Note: The effect of subsection (3) is to reduce the unpaid amount of the estimate to the amount specified.
Revocation
(4) The estimate is revoked if the statutory declaration is to the effect, or the affidavit verifies facts sufficient to prove, that the underlying liability never existed.
It is also desirable to set out the relevant terms of s 268-90, which sets out the requirements inter alia for an affidavit filed for the purposes of either items 2 or 3 of s 268-40:
268‑90 Requirements for statutory declaration or affidavit
Scope
(1) This section applies to a statutory declaration given, or an affidavit filed, for the purposes of section 268‑40 or 268‑45 in relation to the estimate.
Content
(2) In a case covered by paragraph 268‑10(1)(a) (estimate of liability under requirement to pay to the Commissioner amounts you have withheld under the Pay as you go withholding rules), the statutory declaration or affidavit must verify the following facts:
(a) whichever of the following are applicable:
(i) the sum of all amounts you withheld under Division 12 during the relevant period, or the fact that you did not withhold any such amounts during the period;
(ii) the sum of all amounts you were required to pay under Division 13 (Alienated personal services payments) during the relevant period, or the fact that you were not required to pay any such amounts during the period;
(iii) the sum of all amounts you were required to pay under Division 14 (non‑cash benefits and accruing gains) during the relevant period, or the fact that you were not required to pay any such amounts during the period;
(b) what has been done to comply with Division 16 (Payer's obligations and rights) in relation to the amounts referred to in paragraph (a).
…
Maker or deponent
(3) The statutory declaration or affidavit must be made, sworn or affirmed by:
(a) an individual specified in the following table; or
(b) your liquidator, receiver or trustee in bankruptcy (if and as applicable).
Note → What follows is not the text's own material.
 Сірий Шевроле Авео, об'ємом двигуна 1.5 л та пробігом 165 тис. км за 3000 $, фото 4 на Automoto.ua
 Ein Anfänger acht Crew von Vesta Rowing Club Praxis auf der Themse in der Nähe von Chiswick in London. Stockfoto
Who must make the statutory declaration or swear or affirm the affidavit
Item A statutory declaration or affidavit in relation to an estimate of a liability of ... must be made, sworn or affirmed by ...
1 … …
2 a body corporate (a) in the case of a company that has a director or a company secretary (within the meaning of the Corporations Act 2001) - a director of the company or the company secretary; or
(b) …
(c) in any case - the public officer of the body corporate (for the purposes of the Income Tax Assessment Act 1936).
… … …
[5]
Some procedural matters
It was common ground that the applicant requires leave to appeal under s 101(2)(p) of the Supreme Court Act 1970 (NSW) because the judgment and orders below arise from an application under s 459G of the Corporations Act. The two proposed grounds of appeal are:
1 The Primary Judge erred in finding at [45] that the application brought by the Appellant under section 459G of the Corporations Act 2001 to set aside the statutory demand issued by the Deputy Commissioner of Taxation was not a proceeding before a court that "related to" the recovery of an estimate within the meaning of section 268-40 of Schedule 1 to the Taxation Administration Act 1953.
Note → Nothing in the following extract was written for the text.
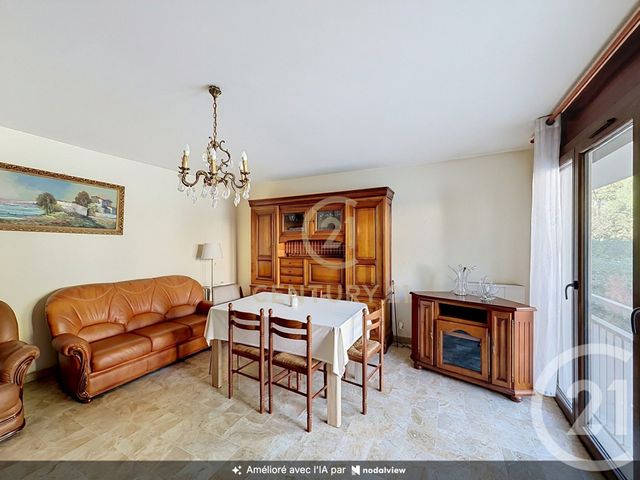 Appartement F4 à vendre - 4 pièces - 81.0 m2 - HYERES - 83 - PROVENCE-ALPES-COTE-D-AZUR - Century 21 Dericq Immobilier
2 The Primary Judge erred in finding at [55] that there was not some other reason to set aside the Statutory Demand.
It should be noted that the Deputy Commissioner filed a notice of contention dated 14 June 2022. In brief, the notice of contention claims that:
1. the primary judge erred in finding that, if it were necessary to decide, there was a genuine dispute that Ms Lee's affidavit complies with ss 268-40(4) and 268-90(2) of Sch 1 to the Taxation Administration Act; and
2. the primary judge should have determined as a jurisdictional fact in the proceedings whether Ms Lee's affidavit verifies facts in accordance with those provisions.
The parties agreed that the application for leave to appeal should be heard concurrently with any appeal.
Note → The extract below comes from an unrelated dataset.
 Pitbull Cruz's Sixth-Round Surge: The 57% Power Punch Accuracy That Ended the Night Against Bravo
For completeness, it should also be noted that the Deputy Commissioner filed a notice of motion on 14 September 2022 seeking pursuant to s 75A(7) and (8) of the Supreme Court Act to have leave to rely upon further evidence. That further evidence (which was voluminous), was set out in or was annexed to an affidavit affirmed on 14 September 2022 by Ms Alexandra Donohoo an officer of the Australian Taxation Office. The Court was advised shortly before the hearing commenced that the parties consented to the notice of motion being dismissed, together with an order that the Deputy Commissioner pay the applicant's costs of the motion.
[6]
Some further matters
As noted, Ms Lee's affidavit affirmed on 29 March 2021 was relied on by Priority Matters below in support of its s 459G application. Ms Lee's affidavit was relatively brief. She stated that she was familiar with, and had inspected the books and records of, Priority Matters. She described the background and activities of that company of which she was the sole director. She deposed that Priority Matters is one of several companies of which either she or her husband (Kia Silverbrook) were directors. She identified two of those other companies as being "relevant" (without explaining why they were relevant), namely Worldwide Speciality Property Services Pty Ltd and Mpowa Pty Ltd. She described how the "companies together performed various functions which are interrelated and intended to operate a business of creating, developing and commercialising inventions". She deposed that Priority Matters did not, at any point, during the period 1 July 2009 and 30 June 2015, "pay amounts to any individual as wages" and that, at various times, it did not even maintain a bank account.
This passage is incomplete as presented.